Do You Restore or Repair?
Survey Results for 08/10/2011:
Do you repair or restore old window? (Dealers only, please)
No, we prefer to focus on replacement.
Yes, but we don't actively promote it.
Yes, and we actively promote these services.
No, but we've considered adding such services.
This week we see most of our participants asserting that they'll be sticking with traditional replacement for the foreseeable future. Still, a notable segment of responding dealers are either involved in repair and restoration of older windows, or at least considering adding these types of services.
Certainly, this type of fenestration work is most relevant to homes noted on historic dwelling registries or within certain historical zones. And since we all know how zoning can vary from municipality to municipality, that means that restoration work and its demand in the marketplace will depend on the rules and regulations for that area.

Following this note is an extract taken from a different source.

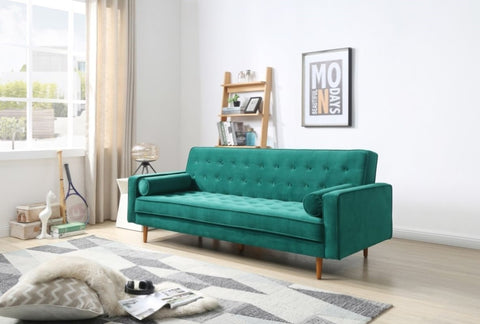 Sofa Bed 3 Seater Button Tufted Lounge Set for Living Room Couch in Velvet Green Colour V43-SOF-MARC-GRN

There are a few comments below, and I'll add one more I received from a reader doing some restoration work in Texas:
"We save all the old wood sashes that we replace and, in many cases, make new jambs, retrofit a concealed balancer system and install them in homes. What has happened in the past is that [for] the homes not registered as a "historical home," the windows will fail the energy inspection, regardless of preservation efforts. If the home is registered as "historic," then we are grandfathered in except with safety glass codes. ... We feel there is a market for this kind of work (including steel casements, very popular right now) it just depends on the local enforcement of energy codes. However, we continue our efforts to maximize restoration and the preservation of the old architectural detail and beauty that has proved windows and doors can change the historical value of a home."